## Data extract
══════

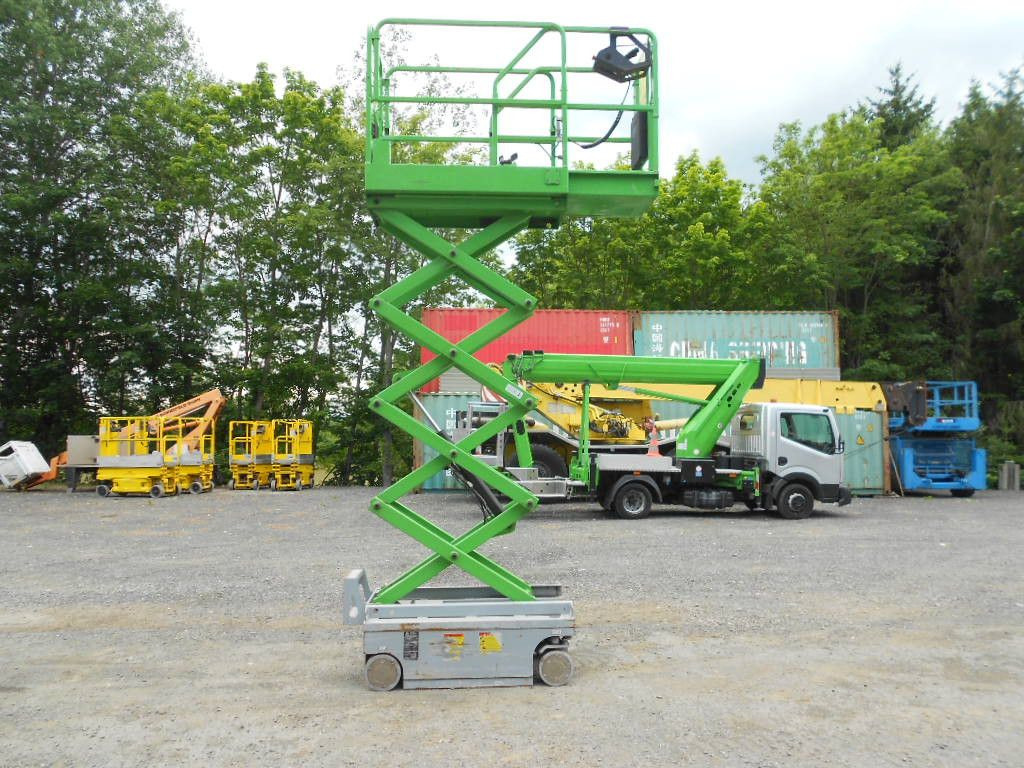 PB-Lift, PBS06-7 ECS, 5,6 m AH - Sakselift: bilde 5 PB-Lift, PBS06-7 ECS, 5,6 m AH - Sakselift: bilde 5
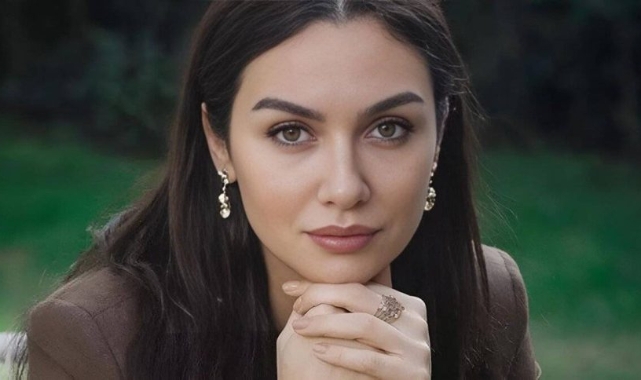 Birce Akalay ile Hakan Kurtaş'tan yeni kare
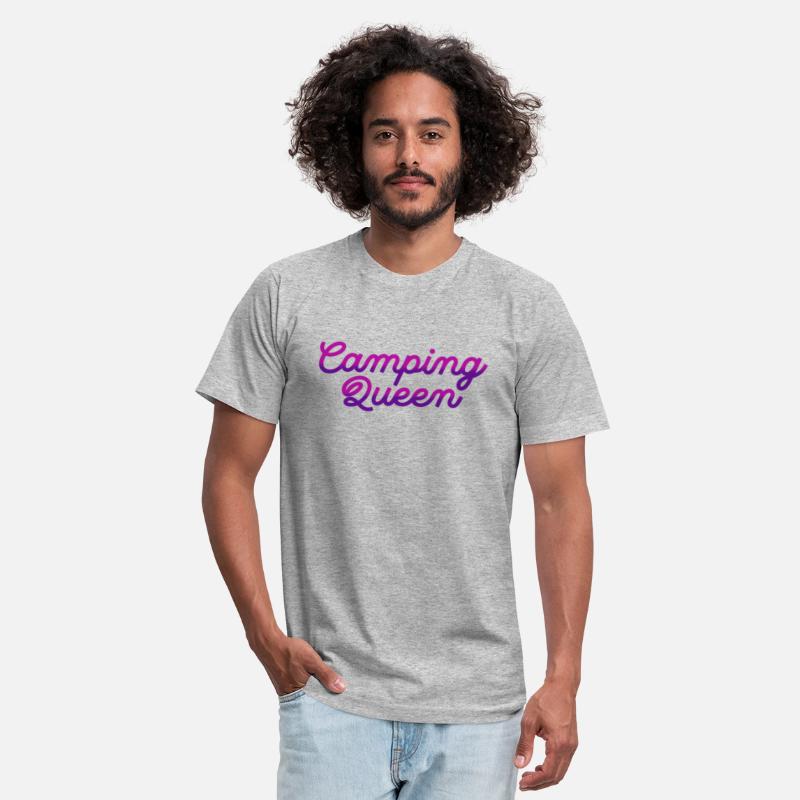 Camping Queen Outdoor Adventure Tee
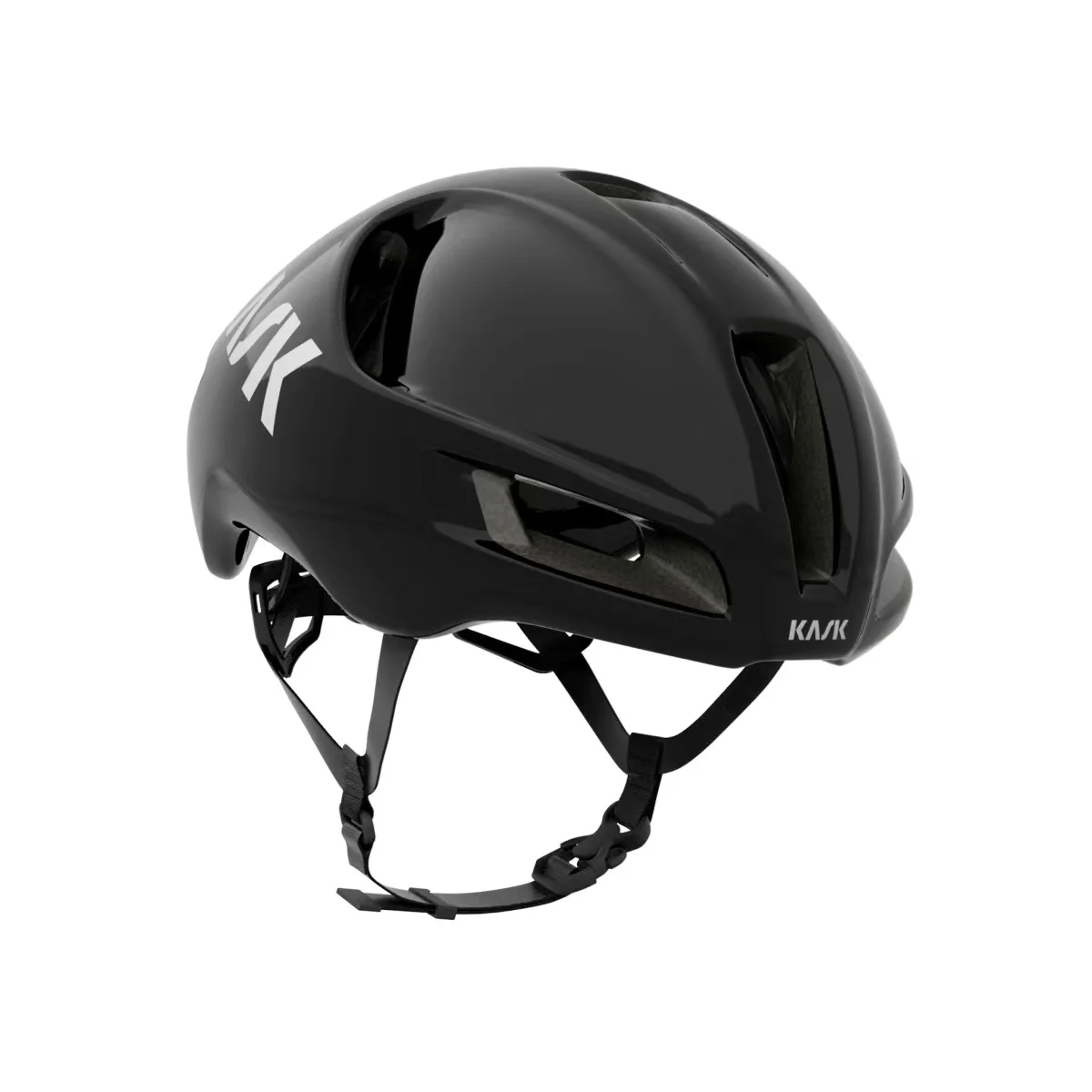 Casco de Ciclismo KASK Utopia Edición T, Diseño Aerodinámico para Bicicleta de Carretera, Ligero, PC+EPS, Absorción de Impactos, Ajuste para Ciclismo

══════

For this exercise, reproduce the data above exactly from the line containing "Camping Queen Outdoor Adventure Tee" through its final line, both ends included, with no pictures in the copy.

## Result for this task
 Camping Queen Outdoor Adventure Tee
 Casco de Ciclismo KASK Utopia Edición T, Diseño Aerodinámico para Bicicleta de Carretera, Ligero, PC+EPS, Absorción de Impactos, Ajuste para Ciclismo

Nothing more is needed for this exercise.